Originally, Christianity was merely an incarnation of Bolshevism, the destroyer.... The decisive falsification of Jesus' doctrine was the work of St.Paul. He gave himself to this work... for the purposes of personal exploitation.... Didn't the world see, carried on right into the Middle Ages, the same old system of martyrs, tortures, faggots? Of old, it was in the name of Christianity. Today, it's in the name of Bolshevism. Yesterday the instigator was Saul: the instigator today, Mardochai. Saul was changed into St.Paul, and Mardochai into Karl Marx. By exterminating this pest, we shall do humanity a service of which our soldiers can have no idea. (p 63-65)

http://www.answers.org/history/hitquote.html
Jason Pratt said…
Actually, those quotes could all still fit under Steven's claim that Hitler was in fact a Christian (in the sense that Hitler claimed and even in private believed he was following Jesus.) Hit's position (as presented so far in this discussion by both parties) would be a variation of something C. S. Lewis had found to be a prevalent position during the same years before the war: that Jesus preached something which was changed into a manifest falsity by Paul.


Of course, if we're going to connect Hitler-the-nut to various ideas in order to malign those ideas by association, we might as well add the doctrine of evolutionism to that list... {g} Or, for that matter, judge atheism by the atrocities of Stalin, Mao, et al.

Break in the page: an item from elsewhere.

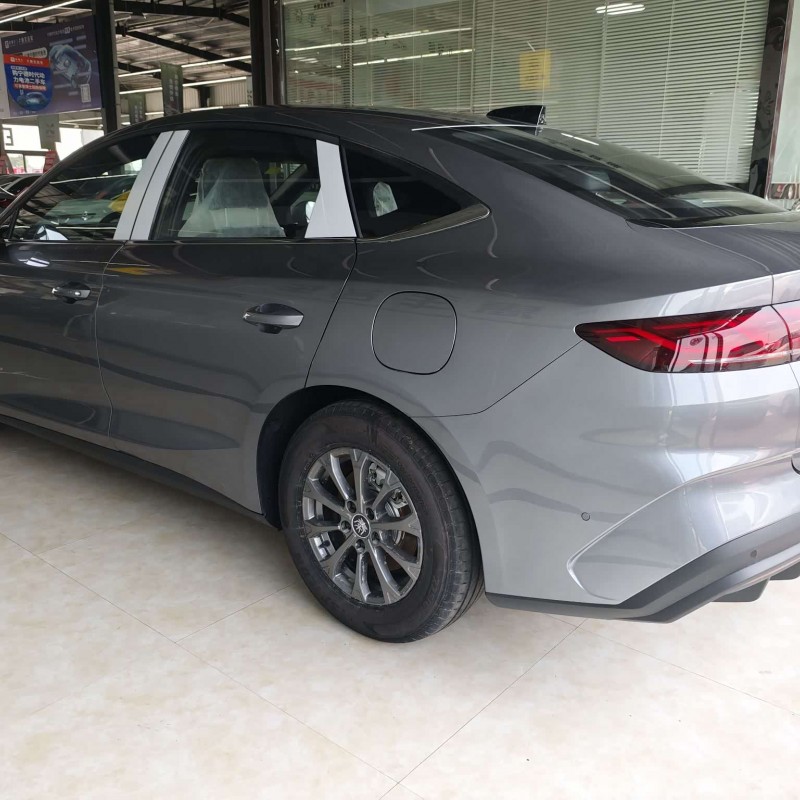 Qin L 2025 DM-i Intelligent Driving Edition 80KM Leading Edition Qin L 2025 DM-i Intelligent Driving Edition 80KM Leading Edition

One can hardly claim they weren't being atheistic (or even survival-of-the-fittest) _enough_!

(Come to think of it, the idea that Jesus preached one thing, which was later corrupted resulting in a significantly different thing when the Gospels were written, seems to be fairly popular as a position today, too... If we're going to assassinate ideas by association to the Hit-man, let's be sure to add _that_ to the list.)


Anyway, since _both_ side have now established that Hitler was against Christianity per se, they may now move along and describe how Hitler was actually a believer in a supernatural morally grounding God Who created and sustains the natural world. Or not. (My German is admittedly more than a little rusty, but identifying the Aryan people as being divine doesn't seem to me to be quite the same thing.)

Personally, though, I prefer not to appeal to Arguments from Sociopathy against my opponents; seeing as how sociopaths are likely to pick up any idea they think they can use to promote themselves and exercise power over other people, regardless of the worthiness of the idea otherwise.

Jason Pratt
Siamang said…
I just love the pun:

Argumentum ad nazium
Jason Pratt said…
Oh, that's good. That's _really_ good... {ggg!} {bow!} I may have to use that as a standard reply to arguments-by-association in the future!